Work instructions
Scan the records for the line containing "Assam Launches Disaster"; extract it and all later lines, verbatim, through the end, and nothing before it.

START Material for this task

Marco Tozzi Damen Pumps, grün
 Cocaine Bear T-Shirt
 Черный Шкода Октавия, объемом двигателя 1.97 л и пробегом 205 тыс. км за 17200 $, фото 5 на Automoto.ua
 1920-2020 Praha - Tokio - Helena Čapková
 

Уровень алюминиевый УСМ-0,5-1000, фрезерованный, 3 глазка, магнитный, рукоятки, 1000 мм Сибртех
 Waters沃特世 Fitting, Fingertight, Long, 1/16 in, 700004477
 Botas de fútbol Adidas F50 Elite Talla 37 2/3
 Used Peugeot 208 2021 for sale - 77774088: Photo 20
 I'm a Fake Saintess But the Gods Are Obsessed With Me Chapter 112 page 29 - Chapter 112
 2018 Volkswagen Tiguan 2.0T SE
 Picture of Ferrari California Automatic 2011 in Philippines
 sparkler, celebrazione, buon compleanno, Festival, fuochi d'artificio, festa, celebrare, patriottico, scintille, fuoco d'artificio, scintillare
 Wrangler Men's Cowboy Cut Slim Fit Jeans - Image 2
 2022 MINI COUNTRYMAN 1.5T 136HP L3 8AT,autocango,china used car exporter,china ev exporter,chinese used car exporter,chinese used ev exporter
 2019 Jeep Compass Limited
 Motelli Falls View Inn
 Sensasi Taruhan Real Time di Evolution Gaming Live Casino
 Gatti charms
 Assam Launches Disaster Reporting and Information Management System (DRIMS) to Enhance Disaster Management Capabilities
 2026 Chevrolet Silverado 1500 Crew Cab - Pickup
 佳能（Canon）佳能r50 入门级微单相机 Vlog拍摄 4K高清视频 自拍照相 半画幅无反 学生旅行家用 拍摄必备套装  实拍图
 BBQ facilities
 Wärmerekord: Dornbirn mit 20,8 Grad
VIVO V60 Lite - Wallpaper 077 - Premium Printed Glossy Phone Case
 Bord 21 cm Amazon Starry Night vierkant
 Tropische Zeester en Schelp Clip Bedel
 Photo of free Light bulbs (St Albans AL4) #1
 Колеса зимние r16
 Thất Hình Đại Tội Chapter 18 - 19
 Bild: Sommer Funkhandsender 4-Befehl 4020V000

END Material for this task

The answer
 Assam Launches Disaster Reporting and Information Management System (DRIMS) to Enhance Disaster Management Capabilities
 2026 Chevrolet Silverado 1500 Crew Cab - Pickup
 佳能（Canon）佳能r50 入门级微单相机 Vlog拍摄 4K高清视频 自拍照相 半画幅无反 学生旅行家用 拍摄必备套装  实拍图
 BBQ facilities
 Wärmerekord: Dornbirn mit 20,8 Grad
VIVO V60 Lite - Wallpaper 077 - Premium Printed Glossy Phone Case
 Bord 21 cm Amazon Starry Night vierkant
 Tropische Zeester en Schelp Clip Bedel
 Photo of free Light bulbs (St Albans AL4) #1
 Колеса зимние r16
 Thất Hình Đại Tội Chapter 18 - 19
 Bild: Sommer Funkhandsender 4-Befehl 4020V000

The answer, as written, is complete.